En el Evangelio de la Misa, San Mateo nos dice que Jesús se retiró con sus discípulos a la región de Tiro y Sidón. Pasó de la ribera del mar de Galilea a la del Mediterráneo. Allí se le acercó una mujer gentil, perteneciente a la antigua población de Palestina –el país de Canaán– donde se asentaron los israelitas. Y a grandes voces le decía: ¡Señor, Hijo de David, apiádate de mí! ¡Mi hija es cruelmente atormentada por el demonio!

El Evangelista consigna que Jesús, a pesar de los gritos de la mujer, no respondió palabra. Este primer encuentro tuvo lugar, según indica San Marcos, en una casa, y allí la mujer se postró a sus pies. El Señor, aparentemente, no le hizo el menor caso.

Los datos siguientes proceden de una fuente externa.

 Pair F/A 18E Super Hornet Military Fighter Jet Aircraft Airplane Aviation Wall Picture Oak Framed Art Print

Después, Jesús y sus acompañantes debieron de salir de la casa, pues San Mateo escribe que los discípulos se le acercaron para decirle: Atiéndela para que se vaya, pues viene gritando detrás de nosotros. La mujer persevera en su clamor, pero Jesús se limita a decirle: No he sido enviado sino a las ovejas perdidas de Israel. Esta madre, sin embargo, no se dio por vencida: se acercó y se postró ante Él diciendo: ¡Señor, ayúdame! ¡Cuánta fe!, ¡cuánta humildad!, ¡qué interés tan grande en su petición!

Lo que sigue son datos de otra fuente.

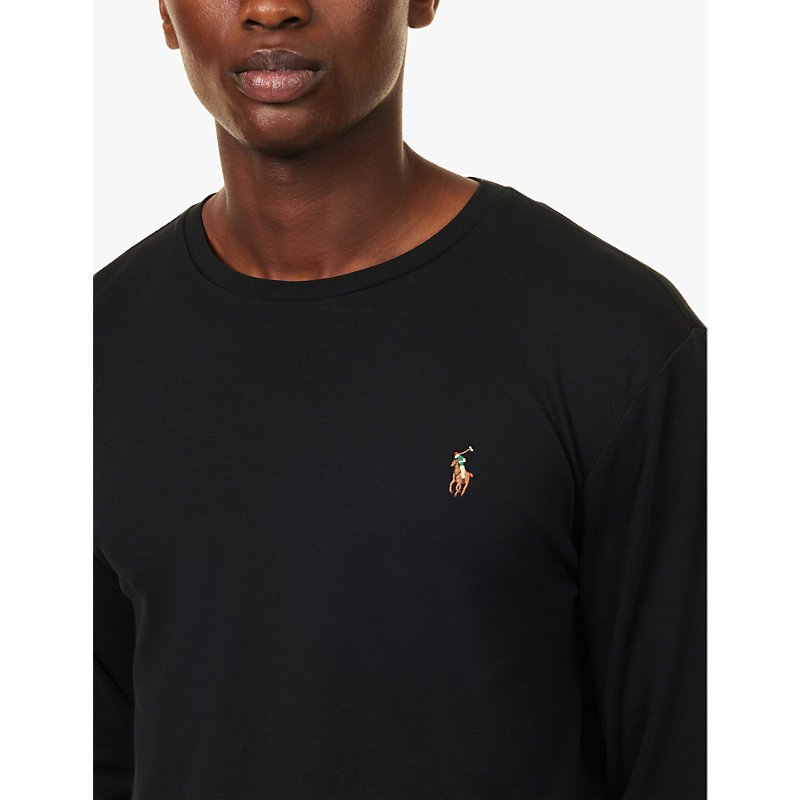 Mens Black Logo-embroidered Long-sleeved Cotton-jersey T-shirt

Jesús le explica mediante una imagen que el Reino había de ser predicado en primer lugar a los hijos, a quienes componían el pueblo elegido: No está bien -le dice- tomar el pan de los hijos y echárselo a los perrillos. Pero la mujer, con profunda humildad, con fe sin límites, con una constancia a toda prueba, no se echó atrás: Es verdad, Señor -le contesta-, pero también los perrillos comen de las migajas que caen de las mesas de sus amos. Se introduce en la parábola, conquista el Corazón de Cristo, provoca uno de los mayores elogios del Señor y el milagro que pedía: ¡Oh mujer, grande es tu fe! Hágase como tú quieres. Y quedó sana su hija en aquel instante. Fue el premio a su perseverancia.

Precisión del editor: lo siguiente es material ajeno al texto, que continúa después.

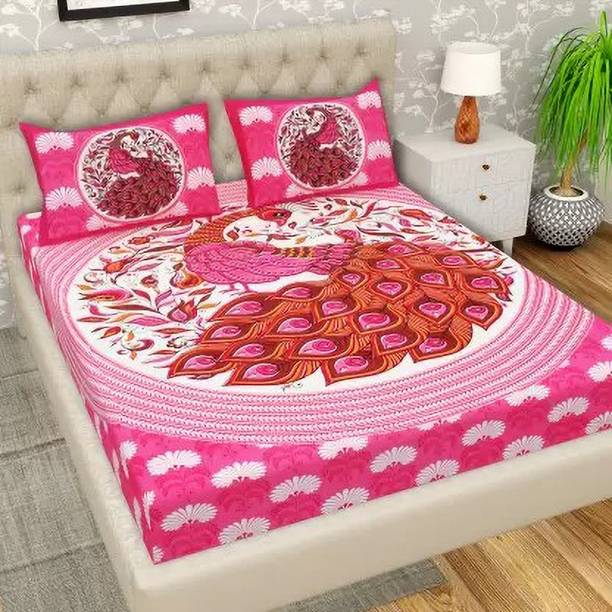 Poorak 104 TC Cotton Double Jaipuri Prints Flat Bedsheet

Las buenas madres que aparecen en el Evangelio manifiestan siempre solicitud por sus hijos. Saben dirigirse a Jesús en petición de ayuda y de dones. Una vez será la madre de Santiago y de Juan la que se acerque al Señor para pedirle que reserve un buen puesto para sus hijos. Otra vez será aquella viuda de Naín que llora detrás de su hijo muerto y consigue de Cristo, quizá con una mirada, que se lo devuelva con vida… La mujer que nos presenta el Evangelio de hoy es el modelo acabado de constancia que deben meditar quienes se cansan pronto de pedir.

San Agustín nos cuenta en sus Confesiones cómo su madre, Santa Mónica, santamente preocupada por la conversión de su hijo, no cesaba de llorar y de rogar a Dios por él; y tampoco dejaba de pedir a las personas buenas y sabías que hablaran con él para que abandonase sus errores. Un día, un buen obispo le dijo estas palabras, que tanto la consolaron: «¡Vete en paz, mujer!, pues es imposible que se pierda el hijo de tantas lágrimas». Más tarde, el propio San Agustín dirá: «si yo no perecí en el error, fue debido a las lágrimas cotidianas llenas de fe de mi madre».

Dios oye de modo especial la oración de quienes saben amar; aunque alguna vez parezca que guarda silencio. Espera a que nuestra fe se haga más firme, más grande la esperanza, más confiado el amor. Quiere de todos un deseo más ferviente –como el de las madres buenas– y una mayor humildad.